Sunday, October 12, 2008

The Rabbit Ears

3 October 2008

Rain threatened, so I spent extra time in the morning to make sure everything was packed well and my tarp system was fully functional and prepared, requiring some stops at local outdoor shops in Steamboat. I was buying some groceries at a small market when a woman running a garden stand outside struck up a conversation about the bike. She had moved from Connecticut 30 years prior. Of course the town then was perfect and is now overgrowing, such as the ranchers probably felt when she was moving in. She had homemade infused vinegars, that looked tasty, but unviable for my trek. She gave me a head of garlic. I thought about eating it raw, which would probably be handy for the mosquitoes I now face in Missouri. 
Finally all was in order and I climbed Rabbit Ear's pass. Steep, but short, and the sun broke for me as I summited. The pass has two major summits, lulling you into a false sense of security with the first and then continually throwing more climbs at you until you reach the second, my first crossing of the Continental Divide. At Rabbit Ears, so named for a pair of volcanic columns visible from the eastern descent, I crossed from the Upper Yampa watershed into the Colorado Headwaters. From this point, the Divide makes a big horseshoe east. Descending the Muddy Creek Valley toward Kremmling, I made a brief, bottlenecked foray into the Colorado Headwaters, which flow pacifically, before climbing back up the divide, in the Blue River Valley. (I think I got all that right). 

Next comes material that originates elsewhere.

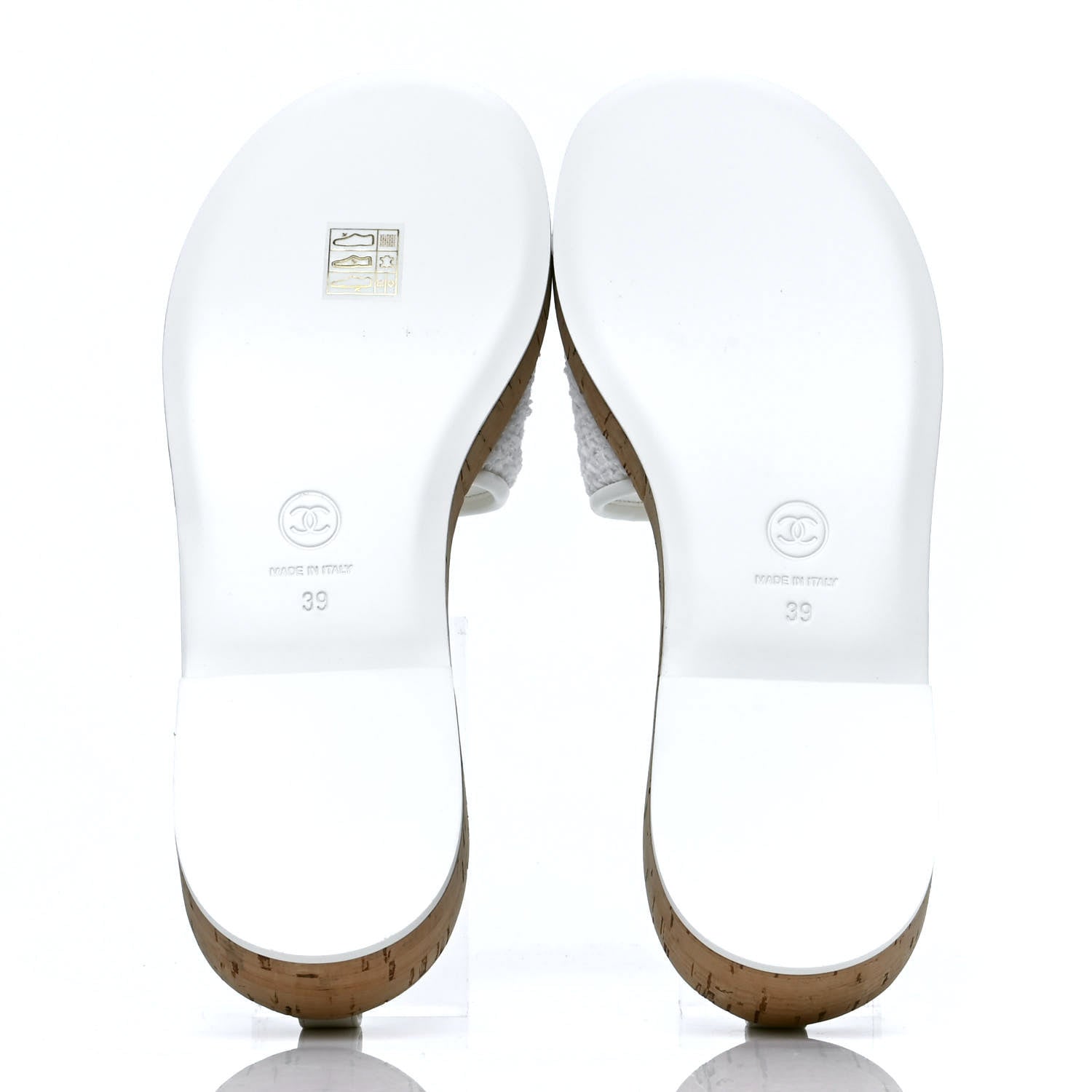 Chanel Tweed Cork CC Chain Mule Sandal 39 White 4 of 4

The road to Kremmling wasn't as downhill as I hoped. Winds gusted and I saw the first rain to fall on a travel day. Dusk fell quickly, with the occasional curtain of sunlight draping down from the cloud cover. The pasture land was again perfectly manicured, and I considered setting up a hobo's camp in an abandoned 1800's barn at the base of Whiteley Peak, a sheer prominence around which Muddy Creek seemed to gyrate. A mare paced me for a few hundred yards before reaching the limits of her corral. A hawk perched casually on a fence post. I set up tarp at Wolford Mountain, reluctantly shielding myself from the only rain I'd yet seen.